- _REQUIRED ACTION_
Copy out the data below from the line containing "It's been so long nonr" to the line containing "Jakie są powszechne", both lines included, with all images left out.

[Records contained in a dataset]
::::

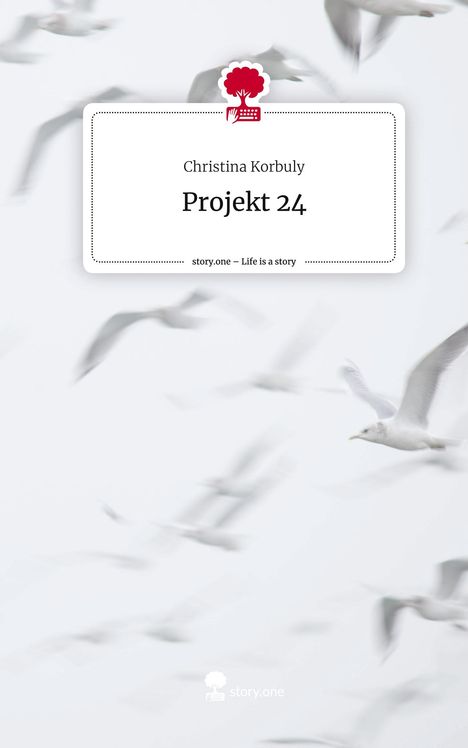 Christina Korbuly: Projekt 24. Life is a Story - story.one, Buch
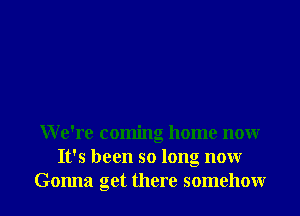 We're coming home nonr
It's been so long nonr
Gonna get there somehowr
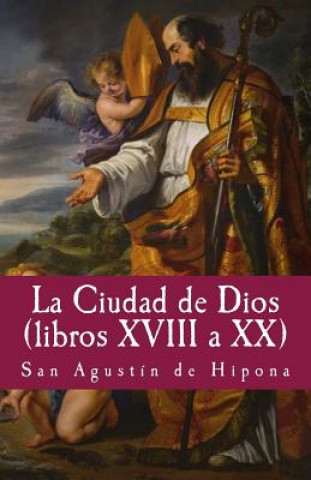 Carte La Ciudad de Dios XVIII a XX San Agustin De Hipona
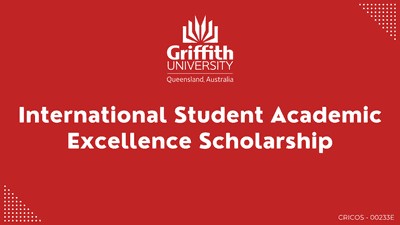 Griffith University International Student Academic Excellence Scholarships-2025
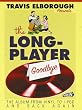 The Long-player Goodbye...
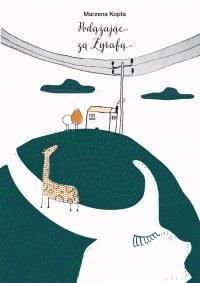 Podążając za żyrafą - Marzena Kopta - ebook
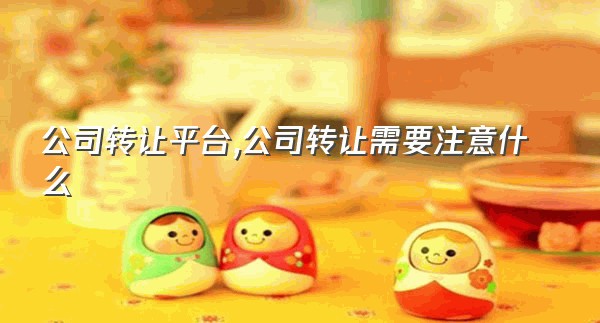 公司转让平台,公司转让需要注意什么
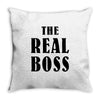 The Boss - The Real Boss Throw Pillow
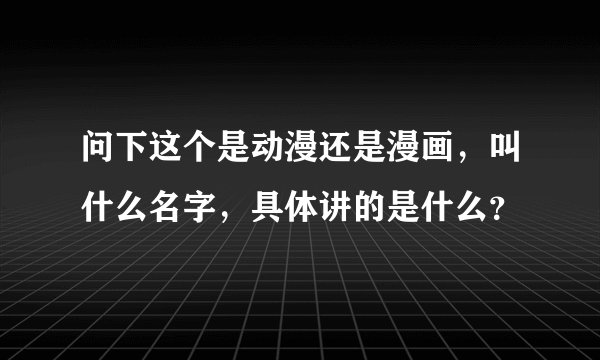 问下这个是动漫还是漫画,叫什么名字,具体讲的是什么?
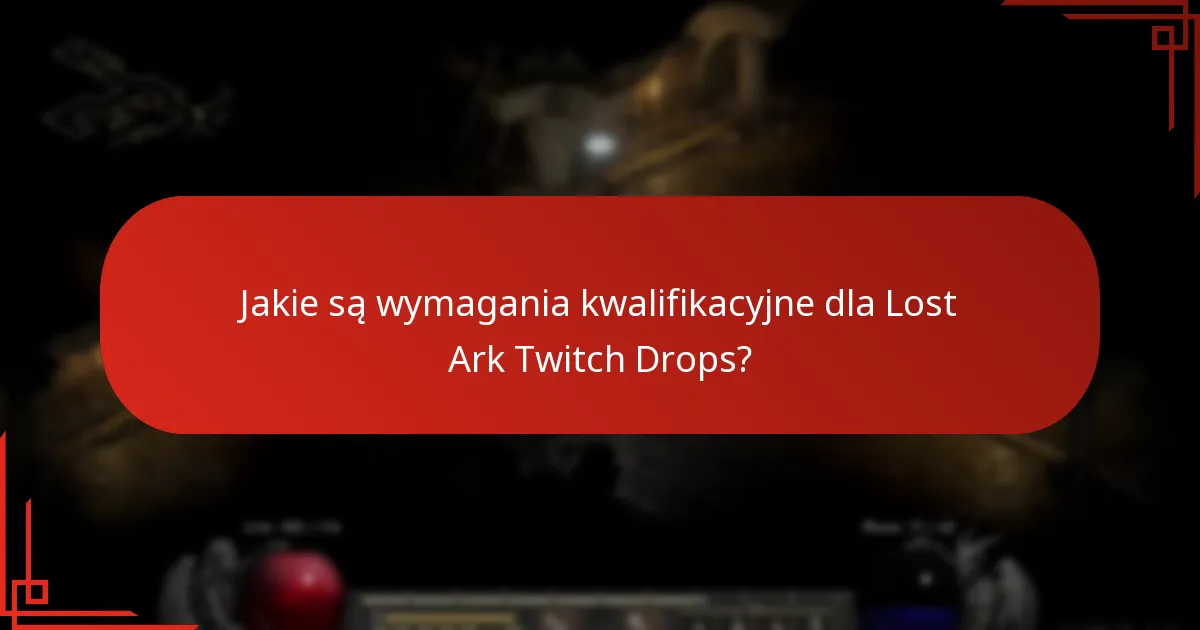 Jakie są powszechne pułapki przy odbieraniu Twitch Drops?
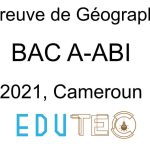 Géographie, BAC séries A-ABI, année 2021, Cameroun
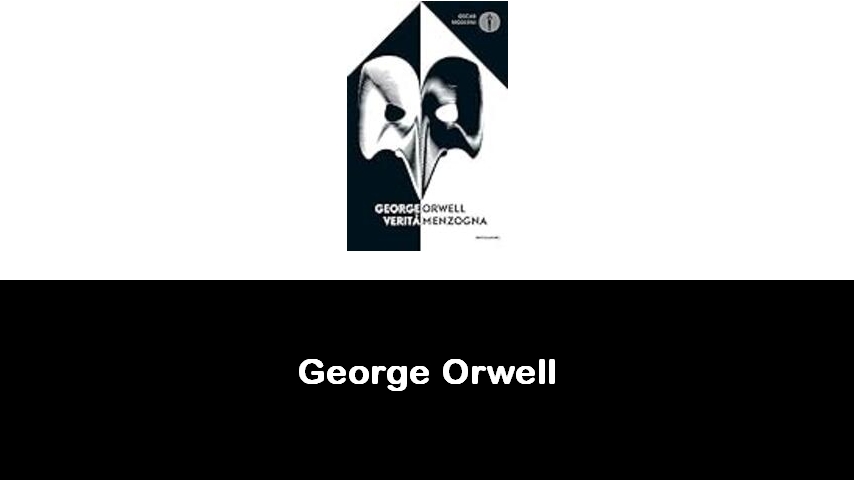 libri di George Orwell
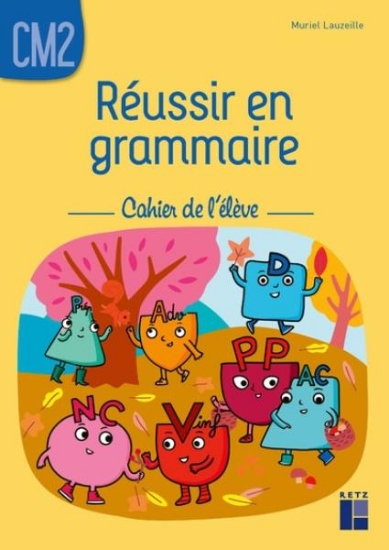 Image de Réussir en grammaire CM2 - Cahier de l'élève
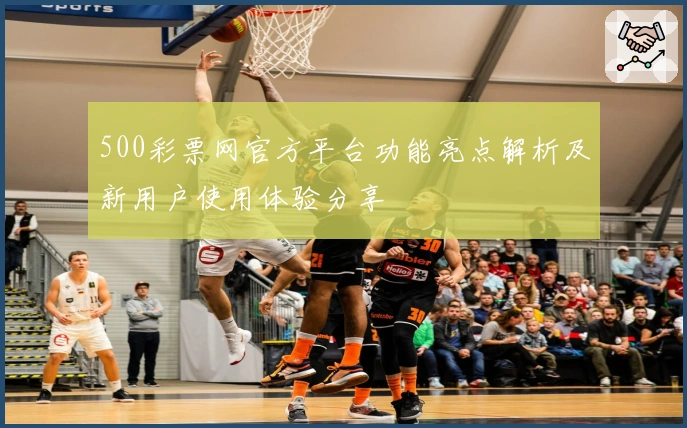 500彩票网官方平台功能亮点解析及新用户使用体验分享
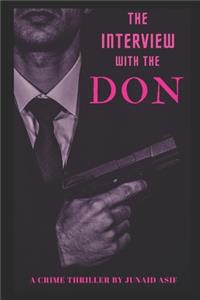 The Interview with the Don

::::

- _EXERCISE RESPONSE_
It's been so long nonr
Gonna get there somehowr
 Carte La Ciudad de Dios XVIII a XX San Agustin De Hipona
 Griffith University International Student Academic Excellence Scholarships-2025
 The Long-player Goodbye...
 Podążając za żyrafą - Marzena Kopta - ebook
 公司转让平台,公司转让需要注意什么
 The Boss - The Real Boss Throw Pillow
 问下这个是动漫还是漫画,叫什么名字,具体讲的是什么?
 Jakie są powszechne pułapki przy odbieraniu Twitch Drops?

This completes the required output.